これからの指導では,知識を個別の事実的な知識のみを指すものではなく,社会の中で生きて働く知識を含むものとしておさえることが大切です。ただ単に,知識を記憶するだけではなく,将来,子供たちが変化の激しい社会を生きていく上で,獲得した知識を様々な状況に応じて使いこなすことができることを求めているといえます。

実際の指導では,これまでに獲得している知識と関連付けたり組み合わせたりしていくことにより,子供たちが単元の学習だけにとどまらない様々な場面で活用できる知識として身に付けていくことができるように展開することが重要です。例えば,新学習指導要領では,第六学年の「電気の利用」の学習で,光電池などを使って発電できることを扱います。第三学年の「太陽の位置の変化」の学習では,太陽の位置は,東の方から南の空を通って,西の方へ変化することを扱います。光電池の学習の終末では,太陽光発電パネルが設置されている様子を紹介し,パネルの設置する方位や角度の工夫について話し合ったり,光電池を使って確かめたりする活動を展開することで,光電池に関する知識と太陽の位置の変化についての知識を組み合わせることができ,それらについての深い理解と定着を図るとともに,実生活における様々な場面で活用できる知識として身に付けていくことが考えられます。
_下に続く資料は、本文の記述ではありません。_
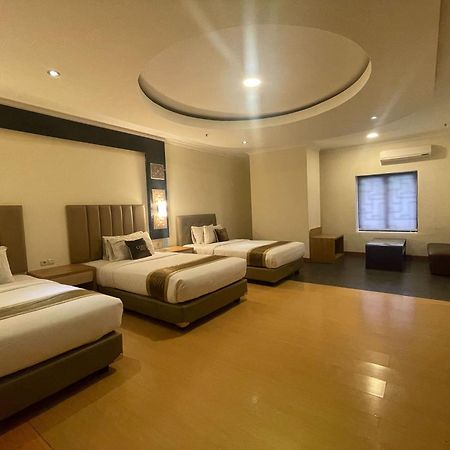 Coins Hotel Jakarta Exterior foto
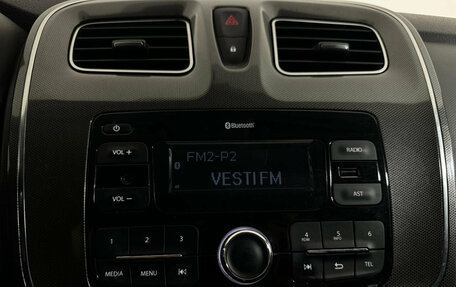 Renault Logan II, 2019 год, 927 000 рублей, 12 фотография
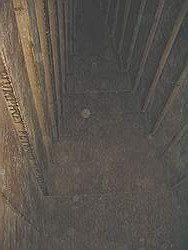 De piramiden van Dahshur - de rode piramide; het plafond van een van de kamers (loopt taps naar boven toe)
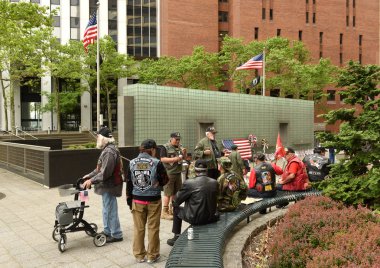 New York, Amerika Birleşik Devletleri - 28 Mayıs 2018: Vietnam Gazileri Vietnam Gazileri Plaza, olarak da bilinen New York Vietnam Gazileri Anıtı üzerinde bellek günde toplantı sırasında.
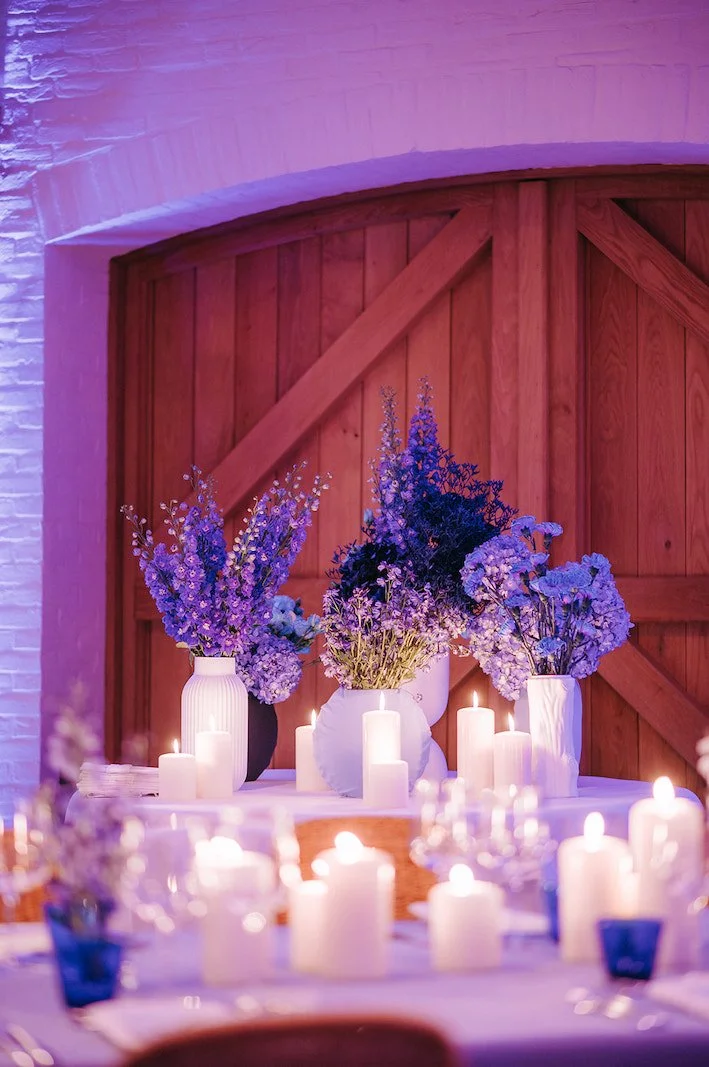 bloemen in vaas met blauwe details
技能についても同様に,一定の手順や段階を追って身に付く個別の技能のみならず,獲得した個別の技能が自分の経験や他の技能と関連付けられ,変化する状況や課題に応じて主体的に活用できる技能として習熟していくということが重要です。

2「知識及び技能」をどのように習得するか

様々な状況で活用できる知識を習得するためには,子供が強い問題意識のもとで,主体的に問題解決した結果として知識を獲得することができるようにします。これは,学習内容を受け身的に教えてもらって獲得するのとは異なります。主体的な問題解決を通して「わからない」という欲求が満たされていない状態から「わかった」という状態になることで,獲得した知識に価値を感じ,長期に渡って活用できる状態で保持することが可能となるからです。

また,技能については,ただ単に器具の操作手順を暗記するのではなく,その操作の意味を捉え,適切な扱い方を理解できるようにします。例えば,顕微鏡の操作について,真横から見ながら,対物レンズにプレパラートを近付けることの意味を考えたり,徐々に遠ざけてはっきりと見えるところで止める操作は,虫眼鏡でピントを合わせたことと同じであることを捉えたりすることで,主体的に目的とする操作ができるようになります。